Como muchos compatriotas quisiera que la consulta convocada marque un punto de quiebre positivo en la lucha contra la corrupción. Sin embargo no soy optimista. Varios analistas del tema han demostrado que buena parte de los objetivos perseguidos pueden alcanzarse con la aplicación de normas ya existentes, mientras otras de las propuestas no generarían transformaciones verdaderas.
Lo antes mencionado sucede, por ejemplo, con la pretendida prohibición a los congresistas de sobrepasar tres períodos en el ejercicio de sus cargos. Es obvio que ellos y sus maquinarias no renunciarán al poder. Ocuparán sus curules en cuerpo ajeno: parientes, compinches y socios pasarán a reemplazarlos, haciendo inane la nueva medida.
El asunto de fondo es que la corrupción en la vida pública requiere de un abordaje sistémico, integral, que debe consultar el profuso acervo teórico y las experiencias existente. Es improcedente reducir el complejo tema a siete aspectos o preguntas puntuales.
Buena parte de los objetivos podrían alcanzarse
con la aplicación de normas ya existentes
y otras de las propuestas no generarían transformaciones verdaderas
Para comenzar, si se quiere derrotar aquel flagelo hay que transformar el aparato judicial haciéndolo transparente y eficaz ¿De qué sirve proclamar que los corruptos deben cumplir penas efectivas en establecimientos carcelarios si las investigaciones no avanzan y las penas aplicables son notorias por su lenidad? ¿Qué hacer si la misma justicia está también corrompida?
De otra parte hay conductas inaceptables en la gestión oficial que deberían ser duramente reprimidas y de las cuales, aunque sus promotores digan lo contrario, en realidad no se ocupa la consulta.

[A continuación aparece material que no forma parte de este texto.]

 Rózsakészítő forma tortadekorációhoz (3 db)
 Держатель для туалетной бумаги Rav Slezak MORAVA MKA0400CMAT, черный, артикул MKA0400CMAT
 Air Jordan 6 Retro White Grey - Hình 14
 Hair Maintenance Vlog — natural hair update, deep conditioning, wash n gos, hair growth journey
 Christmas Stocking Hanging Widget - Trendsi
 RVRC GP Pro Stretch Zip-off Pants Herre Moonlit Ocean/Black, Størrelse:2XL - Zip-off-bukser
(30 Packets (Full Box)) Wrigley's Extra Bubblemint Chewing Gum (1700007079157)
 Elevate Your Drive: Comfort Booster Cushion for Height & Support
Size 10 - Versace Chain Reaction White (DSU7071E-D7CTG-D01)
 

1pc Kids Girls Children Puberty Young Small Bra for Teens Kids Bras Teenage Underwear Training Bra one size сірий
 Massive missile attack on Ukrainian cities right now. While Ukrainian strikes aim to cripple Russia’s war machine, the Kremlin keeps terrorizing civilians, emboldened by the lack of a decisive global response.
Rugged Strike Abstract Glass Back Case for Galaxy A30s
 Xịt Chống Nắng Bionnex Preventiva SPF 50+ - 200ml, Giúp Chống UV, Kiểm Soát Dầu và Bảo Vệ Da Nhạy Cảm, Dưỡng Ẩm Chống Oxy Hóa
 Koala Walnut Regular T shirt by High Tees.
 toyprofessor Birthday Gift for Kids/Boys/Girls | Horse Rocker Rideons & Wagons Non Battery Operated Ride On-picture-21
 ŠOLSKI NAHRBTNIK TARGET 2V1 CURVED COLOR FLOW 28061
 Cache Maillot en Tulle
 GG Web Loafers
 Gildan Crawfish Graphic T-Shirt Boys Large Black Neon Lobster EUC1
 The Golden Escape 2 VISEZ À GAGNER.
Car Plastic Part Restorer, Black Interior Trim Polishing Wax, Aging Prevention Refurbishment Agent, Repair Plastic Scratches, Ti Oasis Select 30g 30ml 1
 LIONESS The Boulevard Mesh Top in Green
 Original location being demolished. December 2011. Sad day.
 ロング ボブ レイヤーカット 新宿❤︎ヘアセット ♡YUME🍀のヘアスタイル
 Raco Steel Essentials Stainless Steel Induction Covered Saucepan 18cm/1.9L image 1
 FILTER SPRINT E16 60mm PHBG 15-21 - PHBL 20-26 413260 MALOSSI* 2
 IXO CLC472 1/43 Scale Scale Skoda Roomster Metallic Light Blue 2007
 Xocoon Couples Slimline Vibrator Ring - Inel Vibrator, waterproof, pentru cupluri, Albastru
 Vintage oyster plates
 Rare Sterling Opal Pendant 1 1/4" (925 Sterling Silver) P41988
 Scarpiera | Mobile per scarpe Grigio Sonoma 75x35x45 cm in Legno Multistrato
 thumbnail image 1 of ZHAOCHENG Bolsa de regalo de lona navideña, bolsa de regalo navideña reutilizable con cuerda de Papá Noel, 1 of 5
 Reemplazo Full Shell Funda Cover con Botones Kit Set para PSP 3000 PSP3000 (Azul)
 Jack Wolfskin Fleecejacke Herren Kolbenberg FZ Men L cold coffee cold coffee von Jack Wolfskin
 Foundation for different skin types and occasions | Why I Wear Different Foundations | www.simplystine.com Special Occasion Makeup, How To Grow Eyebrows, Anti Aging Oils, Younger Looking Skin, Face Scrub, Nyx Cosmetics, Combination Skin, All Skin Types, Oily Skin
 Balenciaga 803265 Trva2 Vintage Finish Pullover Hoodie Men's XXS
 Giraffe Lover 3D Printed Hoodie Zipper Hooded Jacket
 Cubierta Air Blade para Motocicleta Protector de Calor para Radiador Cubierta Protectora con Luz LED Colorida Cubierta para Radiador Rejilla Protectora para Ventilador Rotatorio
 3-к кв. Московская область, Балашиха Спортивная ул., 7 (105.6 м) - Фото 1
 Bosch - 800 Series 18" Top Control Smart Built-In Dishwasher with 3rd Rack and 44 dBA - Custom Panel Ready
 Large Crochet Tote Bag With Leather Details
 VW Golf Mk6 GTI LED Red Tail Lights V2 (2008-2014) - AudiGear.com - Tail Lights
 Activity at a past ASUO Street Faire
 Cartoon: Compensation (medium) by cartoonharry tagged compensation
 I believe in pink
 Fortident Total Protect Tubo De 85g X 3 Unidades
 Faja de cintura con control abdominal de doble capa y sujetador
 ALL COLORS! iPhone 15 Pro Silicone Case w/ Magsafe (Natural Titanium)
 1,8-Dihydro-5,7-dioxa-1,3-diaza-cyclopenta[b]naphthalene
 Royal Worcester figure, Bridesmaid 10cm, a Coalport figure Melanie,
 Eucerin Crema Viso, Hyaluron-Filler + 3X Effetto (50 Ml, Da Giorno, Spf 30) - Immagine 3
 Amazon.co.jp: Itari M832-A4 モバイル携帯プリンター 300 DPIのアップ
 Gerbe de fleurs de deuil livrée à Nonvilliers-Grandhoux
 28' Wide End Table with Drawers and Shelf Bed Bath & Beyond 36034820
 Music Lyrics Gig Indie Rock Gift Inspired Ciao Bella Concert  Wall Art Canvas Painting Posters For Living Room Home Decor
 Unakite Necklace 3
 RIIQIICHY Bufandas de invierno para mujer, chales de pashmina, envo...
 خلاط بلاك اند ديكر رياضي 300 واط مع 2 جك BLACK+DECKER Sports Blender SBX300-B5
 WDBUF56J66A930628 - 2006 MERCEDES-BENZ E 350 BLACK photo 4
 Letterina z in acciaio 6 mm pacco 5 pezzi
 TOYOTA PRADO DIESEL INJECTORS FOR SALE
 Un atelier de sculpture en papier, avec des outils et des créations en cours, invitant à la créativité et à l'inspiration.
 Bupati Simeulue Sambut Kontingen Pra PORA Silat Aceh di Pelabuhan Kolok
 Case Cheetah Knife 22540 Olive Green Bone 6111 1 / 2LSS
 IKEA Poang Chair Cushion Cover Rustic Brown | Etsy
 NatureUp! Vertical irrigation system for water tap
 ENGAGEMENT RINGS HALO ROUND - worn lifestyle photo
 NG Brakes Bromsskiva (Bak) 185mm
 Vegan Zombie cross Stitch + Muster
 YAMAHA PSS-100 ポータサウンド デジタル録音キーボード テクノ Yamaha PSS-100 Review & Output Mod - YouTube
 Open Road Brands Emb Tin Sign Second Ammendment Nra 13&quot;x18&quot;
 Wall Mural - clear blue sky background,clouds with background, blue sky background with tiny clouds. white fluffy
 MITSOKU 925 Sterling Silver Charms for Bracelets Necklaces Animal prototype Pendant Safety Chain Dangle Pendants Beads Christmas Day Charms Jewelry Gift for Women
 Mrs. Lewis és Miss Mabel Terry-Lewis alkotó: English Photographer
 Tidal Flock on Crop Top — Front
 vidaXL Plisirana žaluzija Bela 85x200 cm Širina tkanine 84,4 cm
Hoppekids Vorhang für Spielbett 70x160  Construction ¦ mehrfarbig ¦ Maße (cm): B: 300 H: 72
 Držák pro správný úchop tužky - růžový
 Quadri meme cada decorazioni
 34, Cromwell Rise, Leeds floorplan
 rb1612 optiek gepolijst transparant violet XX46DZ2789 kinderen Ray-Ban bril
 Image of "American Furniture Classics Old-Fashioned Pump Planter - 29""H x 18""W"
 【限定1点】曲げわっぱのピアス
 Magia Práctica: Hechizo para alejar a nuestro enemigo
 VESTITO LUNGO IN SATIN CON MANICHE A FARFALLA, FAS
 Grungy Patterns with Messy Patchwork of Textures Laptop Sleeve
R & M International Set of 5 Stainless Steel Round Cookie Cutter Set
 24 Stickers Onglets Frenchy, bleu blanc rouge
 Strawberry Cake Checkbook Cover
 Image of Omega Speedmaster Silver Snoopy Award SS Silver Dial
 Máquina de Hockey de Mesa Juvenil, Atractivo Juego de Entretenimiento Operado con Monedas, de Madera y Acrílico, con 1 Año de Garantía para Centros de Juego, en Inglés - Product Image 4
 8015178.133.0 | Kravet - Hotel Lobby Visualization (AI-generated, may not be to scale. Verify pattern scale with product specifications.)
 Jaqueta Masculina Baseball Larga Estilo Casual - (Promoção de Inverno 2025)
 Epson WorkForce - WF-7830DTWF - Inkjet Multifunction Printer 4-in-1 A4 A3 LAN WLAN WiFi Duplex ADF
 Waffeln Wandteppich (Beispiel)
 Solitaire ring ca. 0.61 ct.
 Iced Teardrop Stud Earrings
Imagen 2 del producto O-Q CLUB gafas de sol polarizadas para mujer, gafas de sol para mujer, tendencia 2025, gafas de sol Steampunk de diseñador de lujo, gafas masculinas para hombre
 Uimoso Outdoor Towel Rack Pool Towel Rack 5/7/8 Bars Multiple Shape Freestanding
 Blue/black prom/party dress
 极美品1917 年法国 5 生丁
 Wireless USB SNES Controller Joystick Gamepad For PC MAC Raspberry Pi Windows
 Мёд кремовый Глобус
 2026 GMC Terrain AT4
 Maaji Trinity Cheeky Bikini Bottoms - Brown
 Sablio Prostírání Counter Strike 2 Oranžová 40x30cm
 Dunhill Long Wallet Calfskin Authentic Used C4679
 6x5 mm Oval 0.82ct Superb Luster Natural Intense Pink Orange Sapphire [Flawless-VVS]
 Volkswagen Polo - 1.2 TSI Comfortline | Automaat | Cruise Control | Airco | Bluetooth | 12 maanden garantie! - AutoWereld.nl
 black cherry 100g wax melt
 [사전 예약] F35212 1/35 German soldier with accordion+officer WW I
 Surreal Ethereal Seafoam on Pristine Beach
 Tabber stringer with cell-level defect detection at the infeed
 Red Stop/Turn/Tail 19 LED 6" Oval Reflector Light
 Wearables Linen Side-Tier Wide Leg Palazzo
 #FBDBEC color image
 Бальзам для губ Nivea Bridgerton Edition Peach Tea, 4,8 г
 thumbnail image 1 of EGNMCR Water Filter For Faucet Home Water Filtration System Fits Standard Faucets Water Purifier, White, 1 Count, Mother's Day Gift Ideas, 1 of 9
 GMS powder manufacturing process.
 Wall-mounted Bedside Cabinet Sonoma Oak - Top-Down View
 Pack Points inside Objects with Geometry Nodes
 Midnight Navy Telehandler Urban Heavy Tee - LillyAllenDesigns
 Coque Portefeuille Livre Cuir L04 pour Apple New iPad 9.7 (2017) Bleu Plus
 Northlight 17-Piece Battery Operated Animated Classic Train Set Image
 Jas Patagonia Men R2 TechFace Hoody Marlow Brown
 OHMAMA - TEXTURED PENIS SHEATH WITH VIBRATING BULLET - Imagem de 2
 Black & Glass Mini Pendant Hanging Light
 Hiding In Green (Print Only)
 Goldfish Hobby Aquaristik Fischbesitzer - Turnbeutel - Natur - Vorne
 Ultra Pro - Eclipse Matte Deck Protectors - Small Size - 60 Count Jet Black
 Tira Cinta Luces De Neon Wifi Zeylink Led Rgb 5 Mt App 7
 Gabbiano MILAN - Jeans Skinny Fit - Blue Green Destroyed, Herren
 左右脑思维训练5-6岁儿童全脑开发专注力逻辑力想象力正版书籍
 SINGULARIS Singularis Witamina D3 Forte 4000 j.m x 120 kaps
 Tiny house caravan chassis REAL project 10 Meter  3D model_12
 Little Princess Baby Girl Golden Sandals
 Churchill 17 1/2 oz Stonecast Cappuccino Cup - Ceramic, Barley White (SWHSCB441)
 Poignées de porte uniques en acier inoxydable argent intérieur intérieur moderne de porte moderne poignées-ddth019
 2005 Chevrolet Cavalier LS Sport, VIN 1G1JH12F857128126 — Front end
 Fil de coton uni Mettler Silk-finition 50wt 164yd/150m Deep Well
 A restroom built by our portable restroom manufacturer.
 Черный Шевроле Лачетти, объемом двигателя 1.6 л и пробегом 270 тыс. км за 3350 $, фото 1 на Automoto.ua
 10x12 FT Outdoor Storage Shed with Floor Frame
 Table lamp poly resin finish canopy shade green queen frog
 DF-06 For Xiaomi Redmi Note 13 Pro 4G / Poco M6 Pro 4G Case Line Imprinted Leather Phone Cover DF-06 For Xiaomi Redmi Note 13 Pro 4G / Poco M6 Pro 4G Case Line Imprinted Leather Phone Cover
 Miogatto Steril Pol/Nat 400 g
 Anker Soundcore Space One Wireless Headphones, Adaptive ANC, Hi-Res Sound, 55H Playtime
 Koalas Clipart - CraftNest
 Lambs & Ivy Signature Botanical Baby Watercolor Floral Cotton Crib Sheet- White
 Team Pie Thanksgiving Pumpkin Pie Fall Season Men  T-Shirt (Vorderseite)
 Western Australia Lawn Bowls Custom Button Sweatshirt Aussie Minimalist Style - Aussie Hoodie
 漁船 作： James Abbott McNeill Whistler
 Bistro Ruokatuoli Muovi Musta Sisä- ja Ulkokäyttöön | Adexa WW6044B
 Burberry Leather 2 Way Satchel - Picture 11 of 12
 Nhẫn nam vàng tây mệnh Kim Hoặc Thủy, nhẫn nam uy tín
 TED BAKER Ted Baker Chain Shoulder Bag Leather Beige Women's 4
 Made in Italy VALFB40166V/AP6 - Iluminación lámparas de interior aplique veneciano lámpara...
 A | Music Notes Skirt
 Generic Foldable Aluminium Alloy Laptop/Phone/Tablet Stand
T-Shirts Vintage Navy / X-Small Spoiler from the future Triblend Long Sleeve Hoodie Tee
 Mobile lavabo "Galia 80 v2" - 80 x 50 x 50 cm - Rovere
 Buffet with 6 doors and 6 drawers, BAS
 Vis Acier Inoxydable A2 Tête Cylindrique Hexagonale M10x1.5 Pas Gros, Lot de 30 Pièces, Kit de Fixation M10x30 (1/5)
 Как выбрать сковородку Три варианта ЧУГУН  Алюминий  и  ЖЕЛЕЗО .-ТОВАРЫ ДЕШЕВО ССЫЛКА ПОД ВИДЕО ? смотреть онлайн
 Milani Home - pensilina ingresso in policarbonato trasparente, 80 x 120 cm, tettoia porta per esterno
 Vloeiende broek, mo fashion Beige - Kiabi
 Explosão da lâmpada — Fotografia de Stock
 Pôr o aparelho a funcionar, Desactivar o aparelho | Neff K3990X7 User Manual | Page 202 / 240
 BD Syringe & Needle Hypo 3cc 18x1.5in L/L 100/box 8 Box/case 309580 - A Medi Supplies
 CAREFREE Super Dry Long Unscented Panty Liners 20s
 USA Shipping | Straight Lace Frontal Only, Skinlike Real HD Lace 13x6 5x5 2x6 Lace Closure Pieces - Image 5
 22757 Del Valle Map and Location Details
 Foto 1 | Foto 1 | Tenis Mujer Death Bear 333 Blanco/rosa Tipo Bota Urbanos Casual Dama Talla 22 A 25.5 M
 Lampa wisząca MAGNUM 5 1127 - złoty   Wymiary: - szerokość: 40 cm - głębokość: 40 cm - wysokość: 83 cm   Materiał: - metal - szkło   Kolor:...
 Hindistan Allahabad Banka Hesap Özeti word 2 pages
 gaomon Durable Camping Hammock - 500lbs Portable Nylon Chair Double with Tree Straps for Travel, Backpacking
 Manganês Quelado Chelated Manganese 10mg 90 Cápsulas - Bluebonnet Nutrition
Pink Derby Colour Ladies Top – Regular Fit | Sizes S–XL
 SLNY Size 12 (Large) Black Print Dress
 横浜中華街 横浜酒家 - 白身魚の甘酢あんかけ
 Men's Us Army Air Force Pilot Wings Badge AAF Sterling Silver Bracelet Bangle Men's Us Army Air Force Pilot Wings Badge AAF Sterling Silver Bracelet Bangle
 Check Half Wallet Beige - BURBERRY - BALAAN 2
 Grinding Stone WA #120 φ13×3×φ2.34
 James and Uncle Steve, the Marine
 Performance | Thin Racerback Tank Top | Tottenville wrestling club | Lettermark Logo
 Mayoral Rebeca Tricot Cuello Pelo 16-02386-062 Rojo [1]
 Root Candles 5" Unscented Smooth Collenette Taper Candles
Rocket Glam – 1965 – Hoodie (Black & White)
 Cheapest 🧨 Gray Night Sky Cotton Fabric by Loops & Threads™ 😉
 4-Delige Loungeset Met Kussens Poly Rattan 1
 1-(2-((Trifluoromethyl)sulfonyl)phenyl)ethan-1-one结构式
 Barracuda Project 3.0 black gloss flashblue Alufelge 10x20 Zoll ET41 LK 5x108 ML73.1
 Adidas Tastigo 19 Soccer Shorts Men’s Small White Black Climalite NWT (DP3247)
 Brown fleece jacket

Al efecto mencionemos la mermelada, procedimiento en el cual un congresista gestiona recursos para proyecto e “indica” o señala a quienes debe ser beneficiarios del respectivo contrato ¿Por qué no se propuso la pérdida de la investidura y la privación de la libertad para los parlamentarios que indican los nombres de contratistas, ya sea que tal “señal” se efectúe de manera directa o por interpuesta persona?
La consulta también deja de abordar situaciones inaceptables referidas al funcionamiento municipal. Me refiero a los contratos de prestación de servicios personales entregados a dedo a los concejales adeptos al respectivo alcalde. El sistema anula la democracia local ya que los ediles favorecidos con esas posiciones burocráticas exigen a los nombrados cuotas en dinero y votos que les permitirán perpetuarse en el cabildo o dar el salto hacia el Congreso.
Otra falencia de la consulta es que desperdicia la oportunidad de endurecer el régimen sobre conflicto de intereses en la expedición leyes y decretos. Los ejemplos negativos en este particular son profusos, pero me refiero a uno reciente. El 25 de junio pasado el presidente Santos firmó el decreto, el 1069 de 2018, de cuyo contenido él es beneficiario directo por cuanto vuelve vitalicio el esquema de protección del que gozan los exmandatarios y su cónyuge. Además esa disposición confirma para tales exfuncionarios la disponibilidad de un edecán, agregando a su servicio un Jefe de Seguridad que debe ser Oficial Superior de la Policía Nacional. ¿No será que en protección de las finanzas públicas las dos funciones podrían encomendarse a un solo oficial? ¿No habría sido más elegante y trasparente que a mes y medio de terminar el mandato los ajuste fueran introducidos por el nuevo gobierno?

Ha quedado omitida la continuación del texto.